• [What is being asked] Begin at the line containing "Creating a Revolut" in the data below and go on through the line containing "Now, the servo", repeating each line exactly; include both ends and no other line.

───── Given records ─────

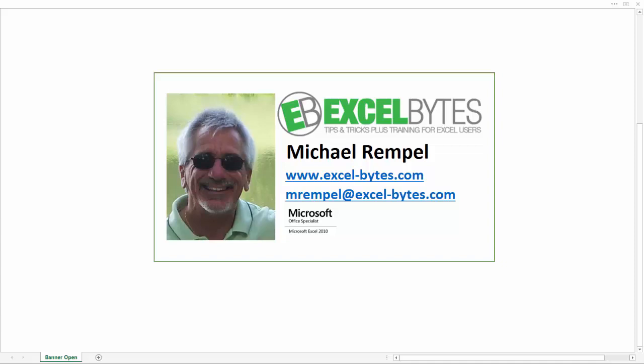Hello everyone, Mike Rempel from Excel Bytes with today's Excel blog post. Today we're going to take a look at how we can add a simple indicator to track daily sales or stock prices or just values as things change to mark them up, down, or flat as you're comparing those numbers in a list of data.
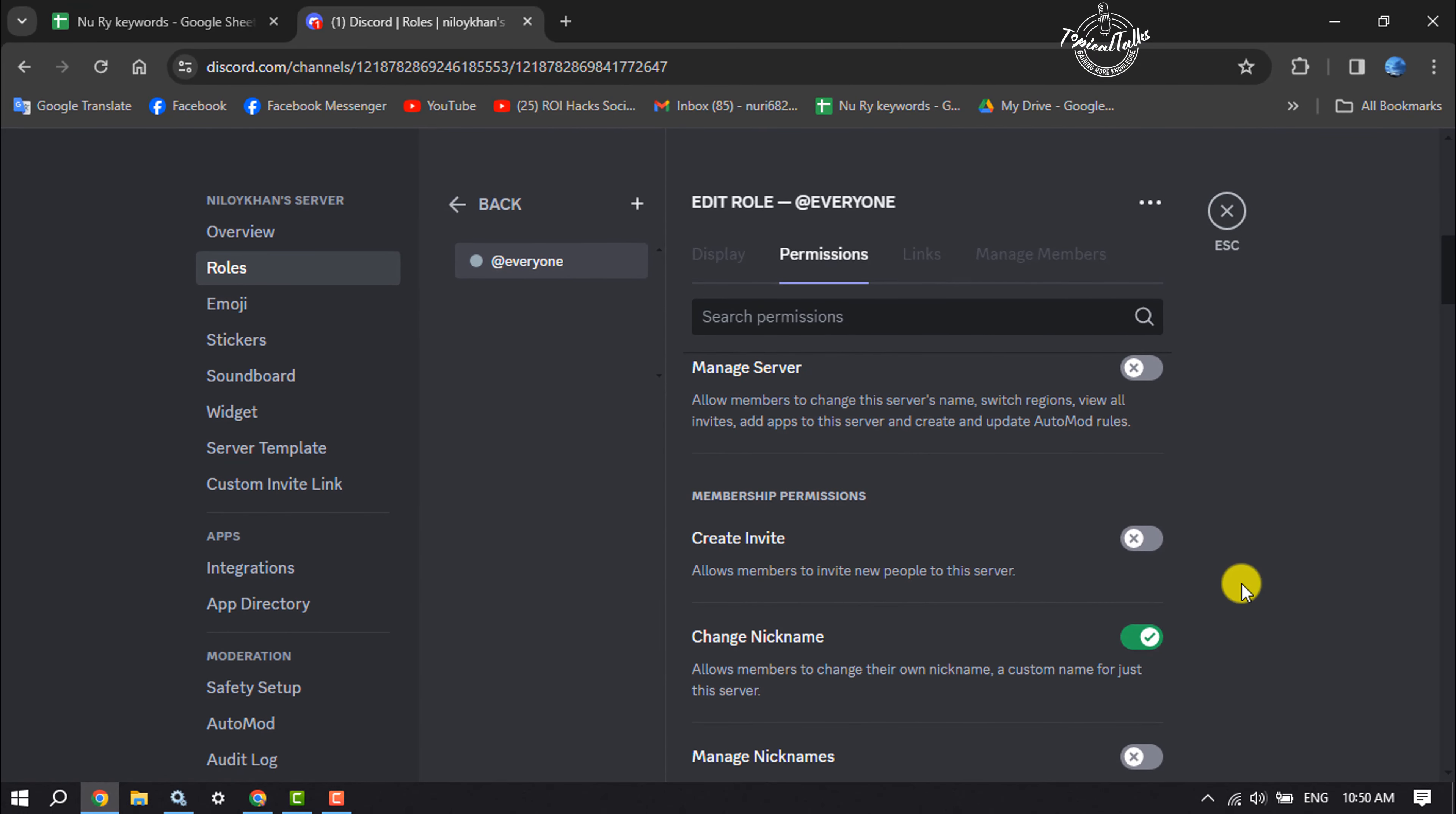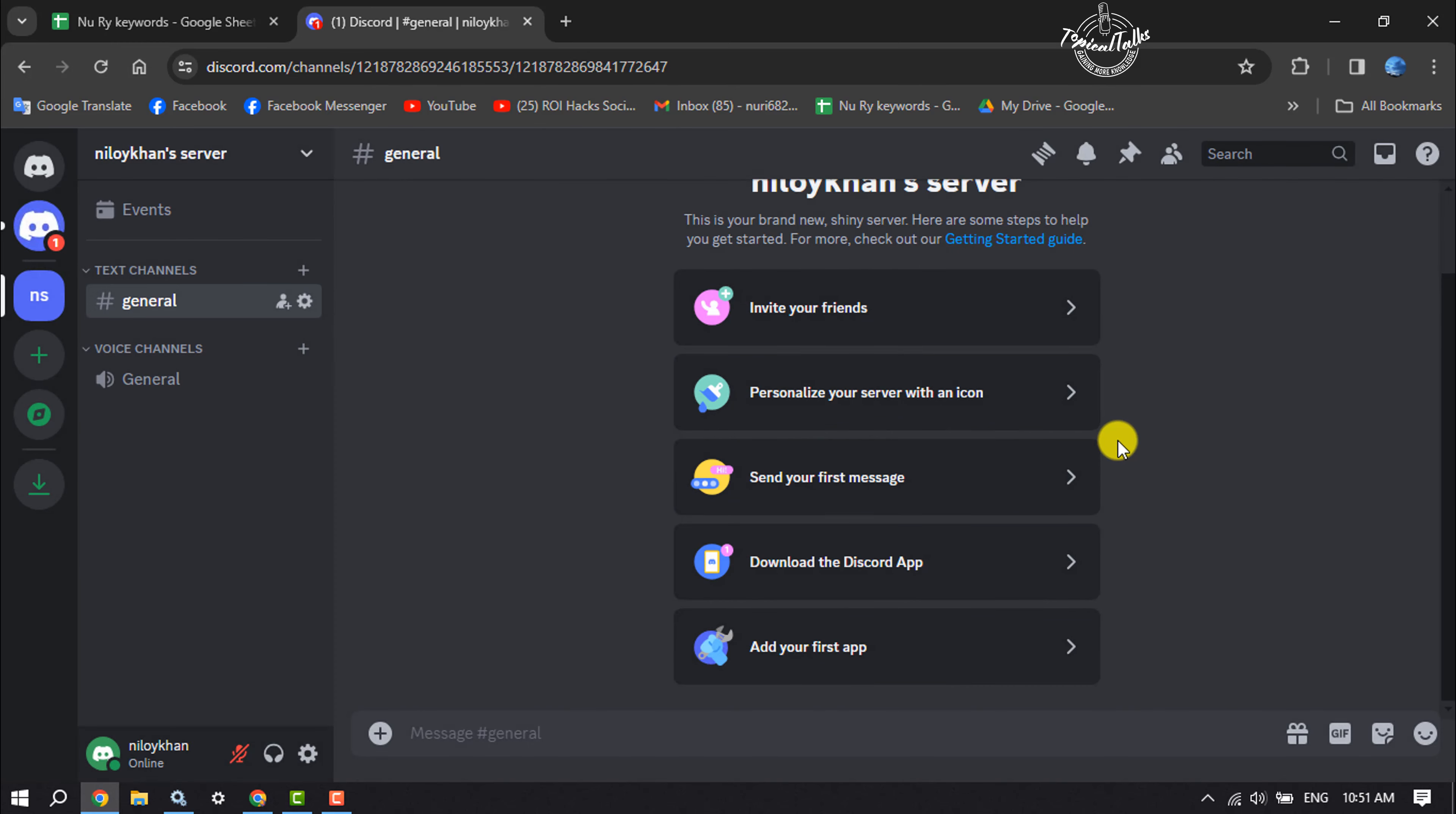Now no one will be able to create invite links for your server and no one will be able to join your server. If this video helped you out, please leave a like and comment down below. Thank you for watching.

─────
───── Given records ─────

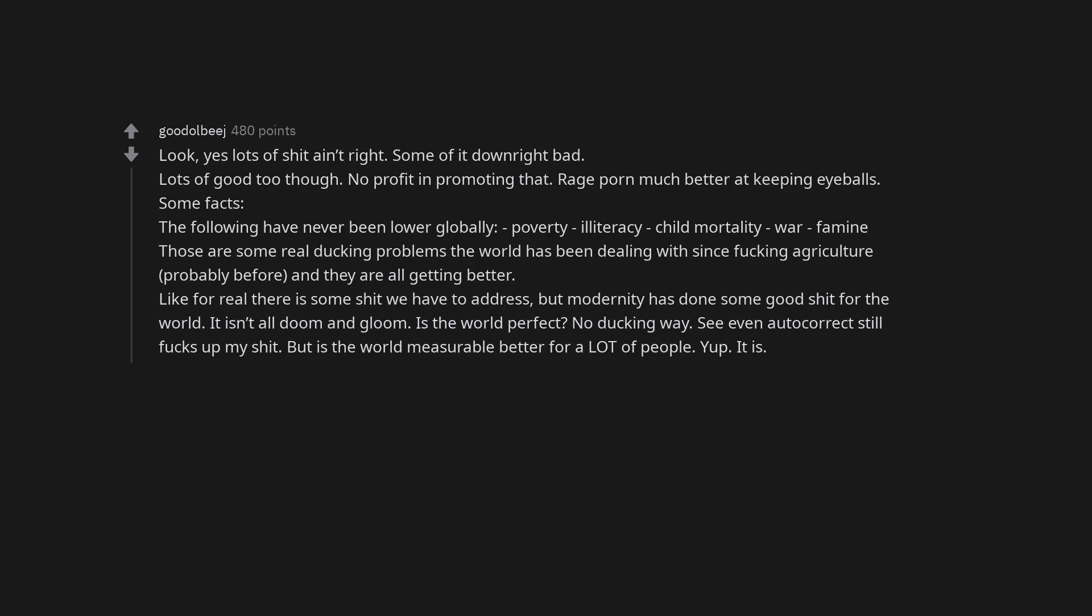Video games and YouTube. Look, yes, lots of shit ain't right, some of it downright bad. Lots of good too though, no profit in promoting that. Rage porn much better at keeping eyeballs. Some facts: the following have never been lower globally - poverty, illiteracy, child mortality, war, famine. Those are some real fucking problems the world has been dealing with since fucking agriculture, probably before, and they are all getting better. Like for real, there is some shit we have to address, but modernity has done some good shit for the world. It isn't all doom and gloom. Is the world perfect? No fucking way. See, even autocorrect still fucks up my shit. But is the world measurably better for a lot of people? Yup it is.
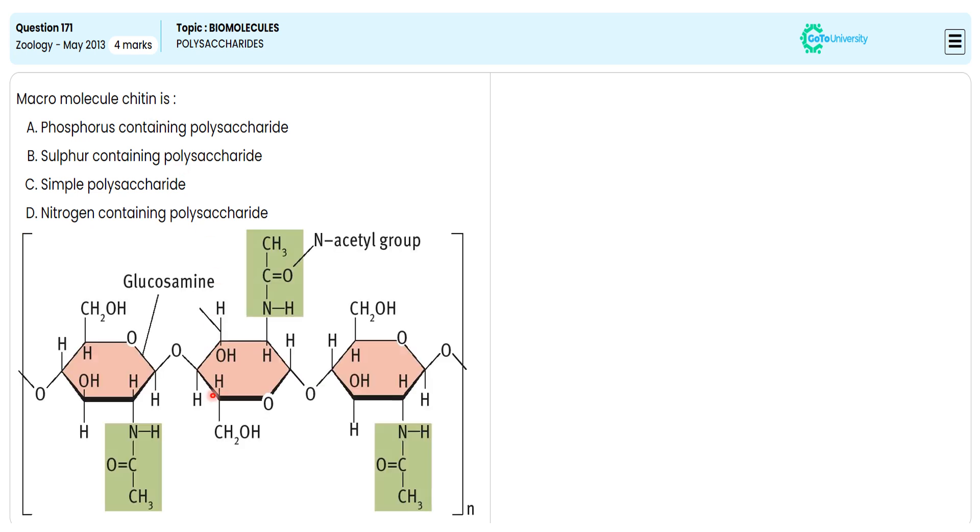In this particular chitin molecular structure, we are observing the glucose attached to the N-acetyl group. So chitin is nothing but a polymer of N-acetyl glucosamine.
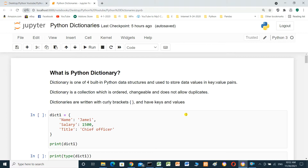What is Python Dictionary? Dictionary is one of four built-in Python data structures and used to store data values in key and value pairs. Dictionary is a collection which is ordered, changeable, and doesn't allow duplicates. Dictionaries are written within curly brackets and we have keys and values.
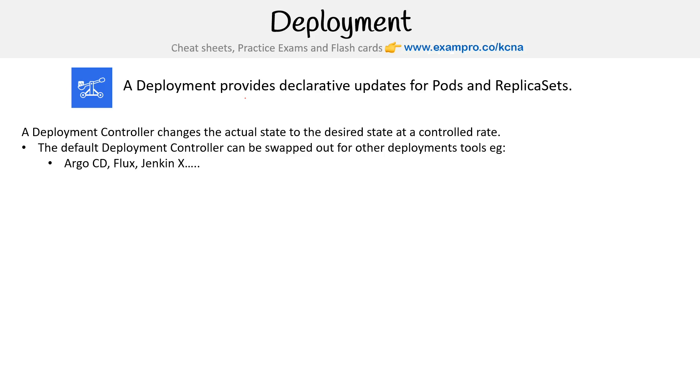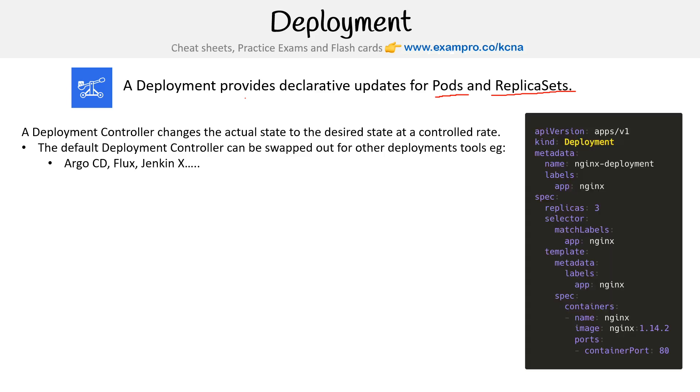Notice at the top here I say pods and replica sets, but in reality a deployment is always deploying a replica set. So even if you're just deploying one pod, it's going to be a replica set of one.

─────
───── Given records ─────

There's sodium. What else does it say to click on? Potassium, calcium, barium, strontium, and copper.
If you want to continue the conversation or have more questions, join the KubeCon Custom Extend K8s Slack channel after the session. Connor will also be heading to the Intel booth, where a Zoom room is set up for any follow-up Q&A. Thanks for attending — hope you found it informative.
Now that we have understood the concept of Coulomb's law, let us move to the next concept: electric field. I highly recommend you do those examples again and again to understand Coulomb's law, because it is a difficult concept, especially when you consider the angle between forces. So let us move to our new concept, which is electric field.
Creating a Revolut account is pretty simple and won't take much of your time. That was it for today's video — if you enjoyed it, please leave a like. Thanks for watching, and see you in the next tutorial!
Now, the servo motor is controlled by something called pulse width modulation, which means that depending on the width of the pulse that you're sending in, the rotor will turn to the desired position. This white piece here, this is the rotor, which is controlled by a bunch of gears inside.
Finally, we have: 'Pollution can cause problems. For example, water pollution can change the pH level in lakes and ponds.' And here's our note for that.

─────

• [Solution]
Creating a Revolut account is pretty simple and won't take much of your time. That was it for today's video — if you enjoyed it, please leave a like. Thanks for watching, and see you in the next tutorial!
Now, the servo motor is controlled by something called pulse width modulation, which means that depending on the width of the pulse that you're sending in, the rotor will turn to the desired position. This white piece here, this is the rotor, which is controlled by a bunch of gears inside.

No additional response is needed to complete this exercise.